- [EXERCISE GOAL] Everything in the data except the pictures belongs in your answer, copied exactly.

--- RECORDED INFORMATION Enclosed Below ---

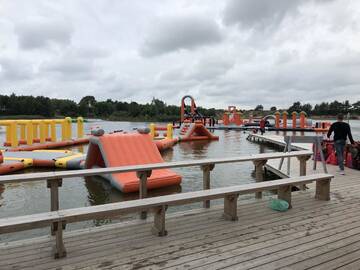 Фото номера Четырехместный номер с балконом Апарт-отели Rainbow Palanga г. Паланга 17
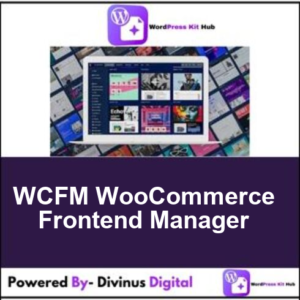 WCFM WooCommerce Frontend Manager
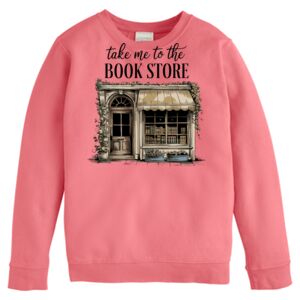 Garment-Dyed Youth Crewneck Sweatshirt Thumbnail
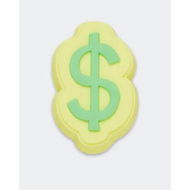 Detailed information about the product Crocs Accessories Slime Dollar Sign Jibbitz Multi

--- End of Enclosed RECORDED INFORMATION ---

- [EXERCISE RESPONSE]
 Фото номера Четырехместный номер с балконом Апарт-отели Rainbow Palanga г. Паланга 17
 WCFM WooCommerce Frontend Manager
 Garment-Dyed Youth Crewneck Sweatshirt Thumbnail
 Detailed information about the product Crocs Accessories Slime Dollar Sign Jibbitz Multi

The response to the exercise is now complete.